#### Your goal
Using only the entries below, copy exactly the lines that begin at the one with "Tubopro Buffalo Bills" and end at the one with "Maison en bois", both included. Drop the pictures.

#### Supplied entries
******

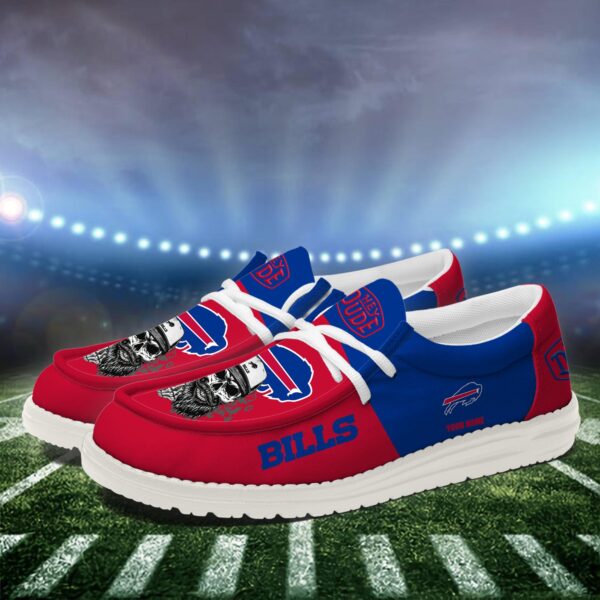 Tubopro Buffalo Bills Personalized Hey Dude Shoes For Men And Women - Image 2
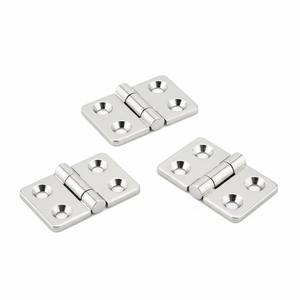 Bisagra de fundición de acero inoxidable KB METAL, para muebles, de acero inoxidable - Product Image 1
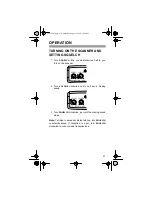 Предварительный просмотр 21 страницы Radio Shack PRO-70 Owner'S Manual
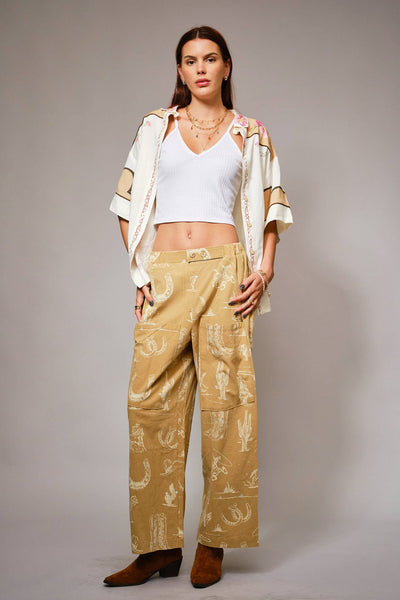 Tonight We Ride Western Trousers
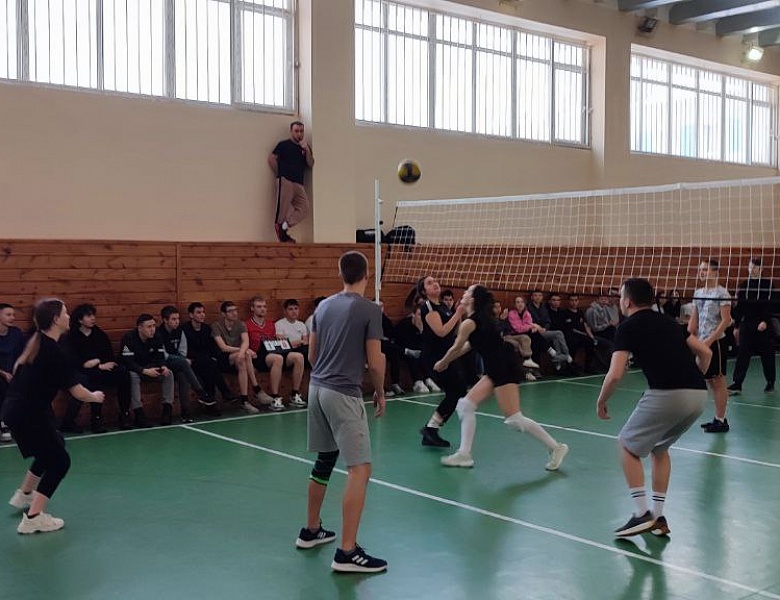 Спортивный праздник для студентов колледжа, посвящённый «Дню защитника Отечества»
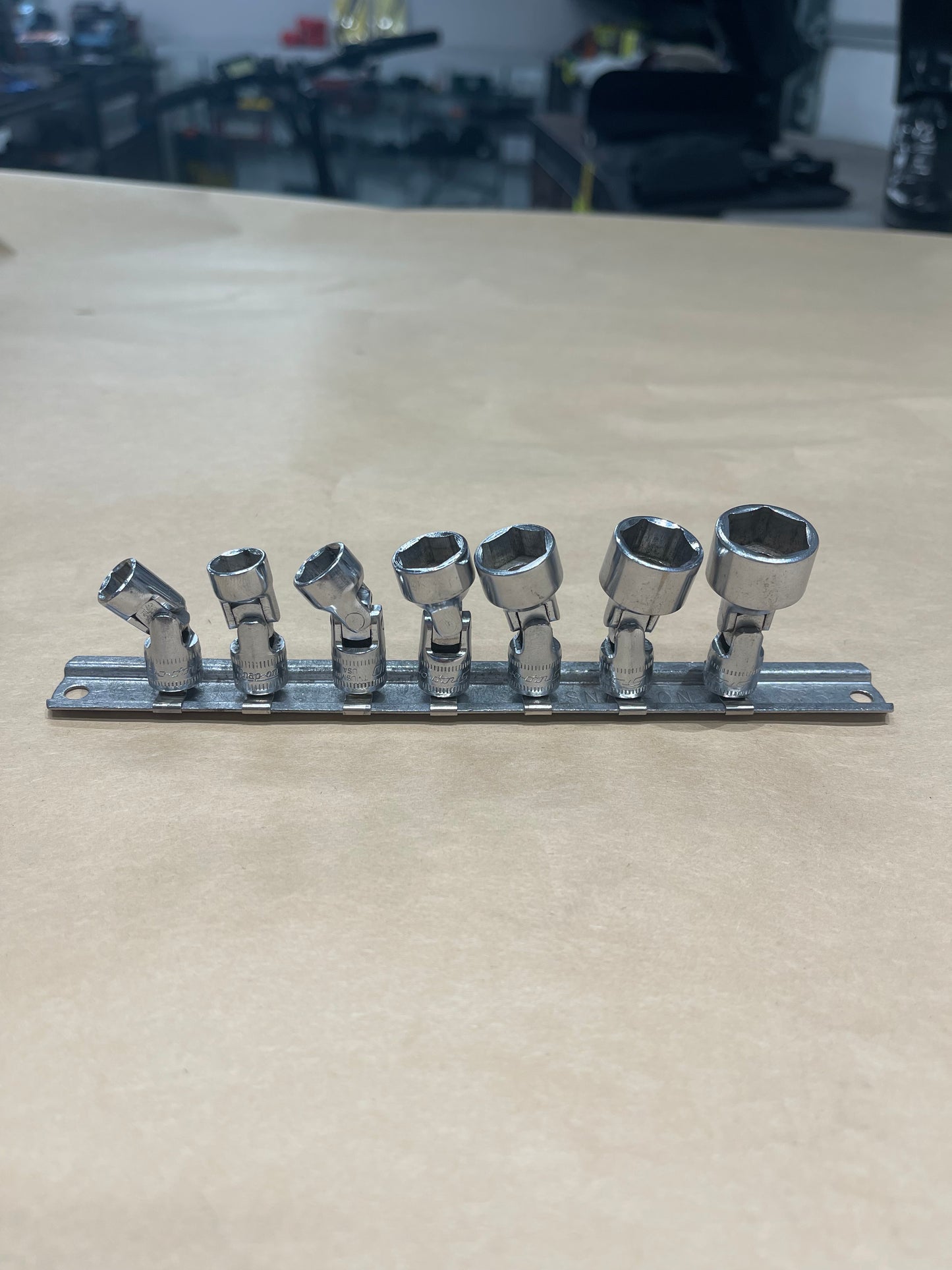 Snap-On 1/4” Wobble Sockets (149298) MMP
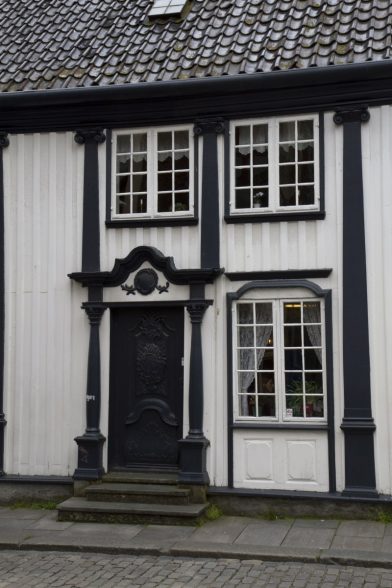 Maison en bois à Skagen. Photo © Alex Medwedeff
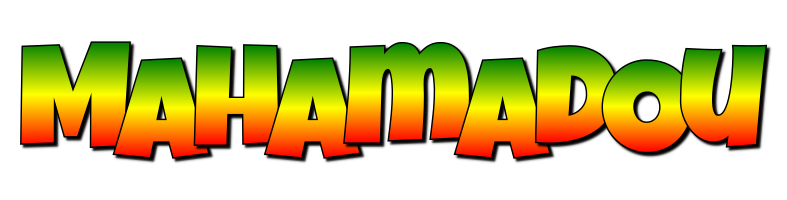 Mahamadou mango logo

******

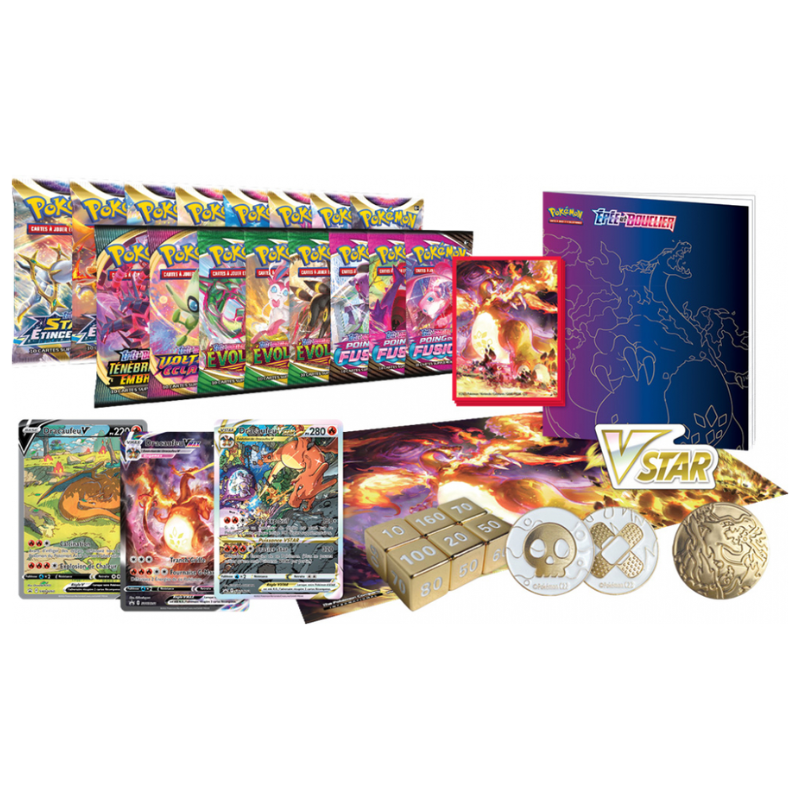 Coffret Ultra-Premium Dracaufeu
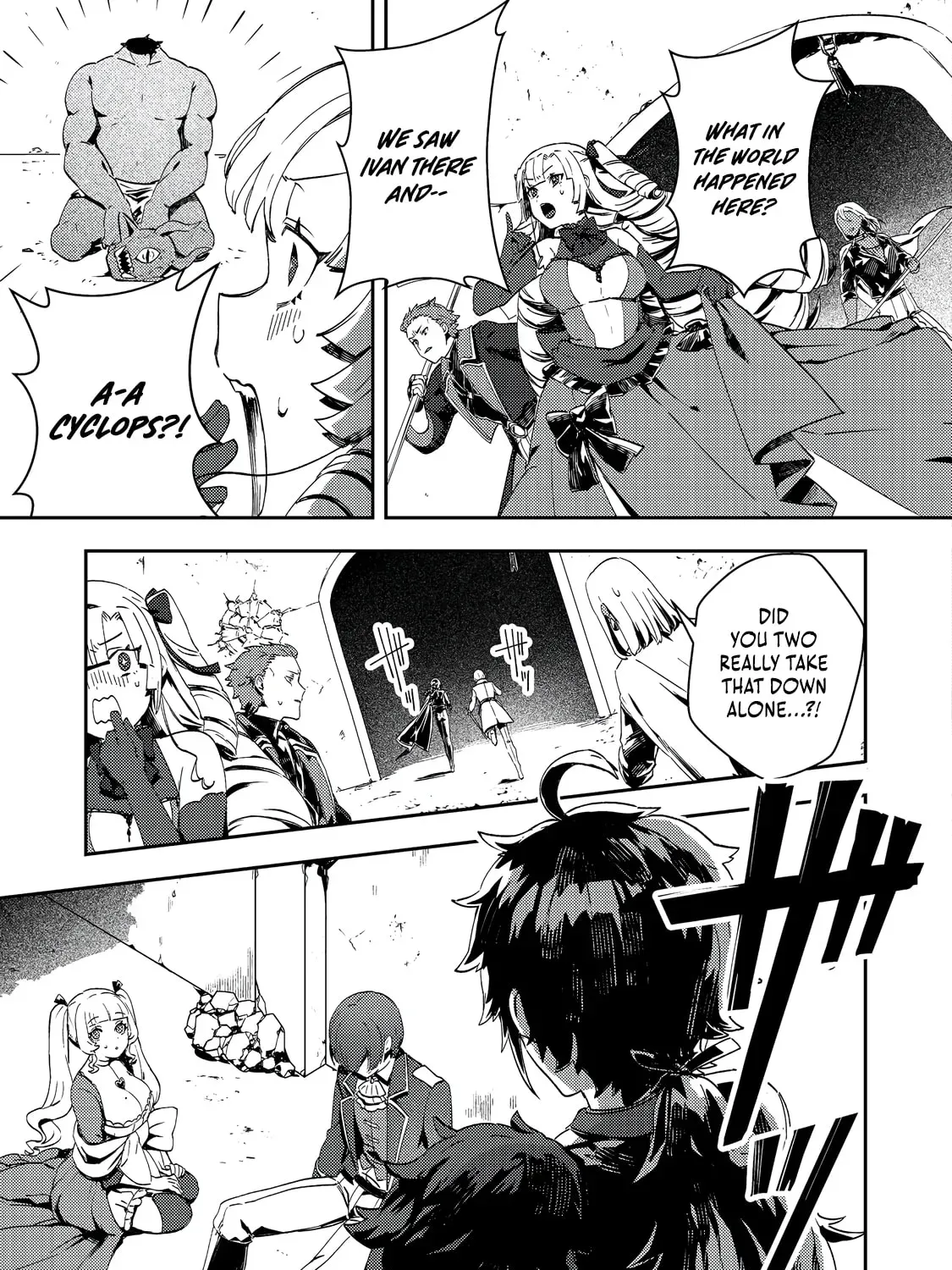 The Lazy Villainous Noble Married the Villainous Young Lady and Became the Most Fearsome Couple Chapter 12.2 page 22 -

******

#### Response below
 Tubopro Buffalo Bills Personalized Hey Dude Shoes For Men And Women - Image 2
 Bisagra de fundición de acero inoxidable KB METAL, para muebles, de acero inoxidable - Product Image 1
 Предварительный просмотр 21 страницы Radio Shack PRO-70 Owner'S Manual
 Tonight We Ride Western Trousers
 Спортивный праздник для студентов колледжа, посвящённый «Дню защитника Отечества»
 Snap-On 1/4” Wobble Sockets (149298) MMP
 Maison en bois à Skagen. Photo © Alex Medwedeff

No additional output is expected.